Segment Start: EXCERPTED RECORDS

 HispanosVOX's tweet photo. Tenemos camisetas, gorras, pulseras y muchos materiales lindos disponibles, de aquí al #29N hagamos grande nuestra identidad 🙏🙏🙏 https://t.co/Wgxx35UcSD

Segment End: EXCERPTED RECORDS
Segment Start: EXCERPTED RECORDS

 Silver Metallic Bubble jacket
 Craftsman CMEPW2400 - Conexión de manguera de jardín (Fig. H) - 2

Segment End: EXCERPTED RECORDS
Segment Start: EXCERPTED RECORDS

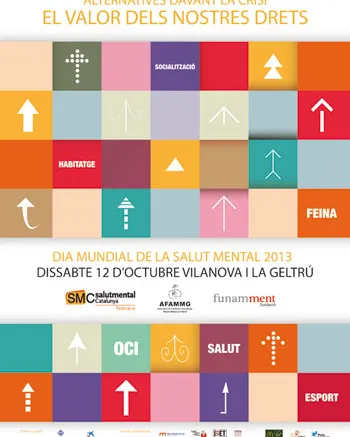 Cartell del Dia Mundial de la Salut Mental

Segment End: EXCERPTED RECORDS

PROBLEM TO SOLVE
Output the material above exactly, but only from the line that carries "Silver Metallic Bubble jacket" through the line that carries "Craftsman CMEPW2400 - Conexión".

RESPONSE AREA
 Silver Metallic Bubble jacket
 Craftsman CMEPW2400 - Conexión de manguera de jardín (Fig. H) - 2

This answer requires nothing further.